■ Source records ■
==================================================

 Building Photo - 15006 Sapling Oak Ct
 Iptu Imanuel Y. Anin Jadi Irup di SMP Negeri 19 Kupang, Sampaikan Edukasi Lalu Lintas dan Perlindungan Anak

==================================================

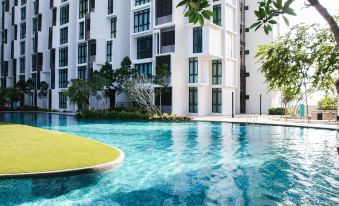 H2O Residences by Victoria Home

==================================================

■ Aim of the exercise ■
The lines to extract from the data above begin with the line containing "Building Photo - 15006 Sapling Oak Ct" and end with the line containing "Iptu Imanuel Y.". Extract them exactly, including both.

■ Response below ■
 Building Photo - 15006 Sapling Oak Ct
 Iptu Imanuel Y. Anin Jadi Irup di SMP Negeri 19 Kupang, Sampaikan Edukasi Lalu Lintas dan Perlindungan Anak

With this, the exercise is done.